Writing to a Text File (Thread Safe)

mar · Post by **mar** » Tue Aug 13, 2013 8:22 pm

syzygy wrote:We want to know whether fprintf() is atomic, so we should test fprintf() and not something lower level such as write(). This is the main point of the discussion: (non-)atomicity of lower level functions says nothing about (non-)atomicity of higher level functions.

If fprintf is not thread-safe on Windows (buffering/...), then it can't be atomic either. I suggest to try setbuf(f, 0), which may (or may not of course) force it to behave like low level wrapper.
I wouldn't rely on that though because as you said, Microsoft doesn't care about standards which is why a lot of programmers love it.

bob · Post by **bob** » Tue Aug 13, 2013 9:07 pm

syzygy wrote:
Sven Schüle wrote:
syzygy wrote:
Sven Schüle wrote:Insert a random sleep of few milliseconds into the worker loop and see what happens
Nothing happened.
I tested with 4 threads and num=100 on Windows 7, after inserting a random sleep of 1..10 msec into the loop body. No single line of the resulting log file looks suspicious but obviously many lines are overwritten, e.g. the line containing the number 100 appears more than 4 times while others appear less than 4 times, etc.
Windows 7 might not be POSIX compliant...

How did you verify that everything worked correctly in your case, other than with the "sort -n bla.txt | md5sum" command?
Do a few runs and check that the md5sums stay constant. On a POSIX-compliant platform.

mar wrote:It is possible that stdio is thread-safe on Linux but not on Windows (the standard doesn't mandate it).
As I understand it, POSIX does mandate it (and not just thread-safety of fprintf() but also atomicity). Of course Windows does not care about POSIX.

Plus you don't know what fancy stuff stdio functions do behind the curtains,
so if you want to actually measure anything, you should be using low level functions for writing stuff instead of testing thread safety of CRT.
We want to know whether fprintf() is atomic, so we should test fprintf() and not something lower level such as write(). This is the main point of the discussion: (non-)atomicity of lower level functions says nothing about (non-)atomicity of higher level functions.

???

fprintf/printf use write() to do the I/O. There's no other option.

I've not seen any interlaced I/O, that's not what I stated. I stated that the file position pointer seems to generate a race condition in threads, and that is outside the scope of the "atomic with regard to writing a complete line without interleaving other output..."

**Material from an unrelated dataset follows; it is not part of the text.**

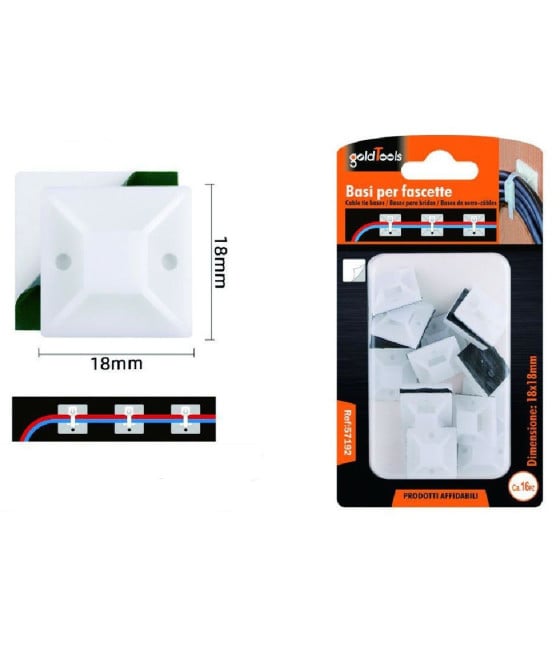 SET 16PEZZI BASI PER FISSAGGIO FASCETTE SUPPORTO ADESIVO 18X18MM 57192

That is certainly a problem on the flavors of Linux I run, as I had to debug it about a week or so prior to 23.6 being released.

The problem I had was that there were obvious overwrites on a line here and there, and an occasional "gap" where no data was written to a few specific bytes leaving zeros/garbage there. Inspecting the logs would expose that. Most everything I had done regarding fprintf() was inside a lock if multiple threads could do output (something VERY rare in Crafty except for when debugging the SMP code). But printing the null-window fail high could happen from any thread and it caused problems until it was protected via a lock, then the problem disappeared permanently.

syzygy · Post by **syzygy** » Tue Aug 13, 2013 11:01 pm

bob wrote:???

What is so difficult to understand:

syzygy wrote:We want to know whether fprintf() is atomic, so we should test fprintf() and not something lower level such as write(). This is the main point of the discussion: (non-)atomicity of lower level functions says nothing about (non-)atomicity of higher level functions.

This is all legal English and technically correct. If too difficult, bad luck.

fprintf/printf use write() to do the I/O. There's no other option.

So what. What I wrote is correct, but maybe too difficult.

syzygy · Post by **syzygy** » Tue Aug 13, 2013 11:48 pm

bob wrote:That is certainly a problem on the flavors of Linux I run, as I had to debug it about a week or so prior to 23.6 being released.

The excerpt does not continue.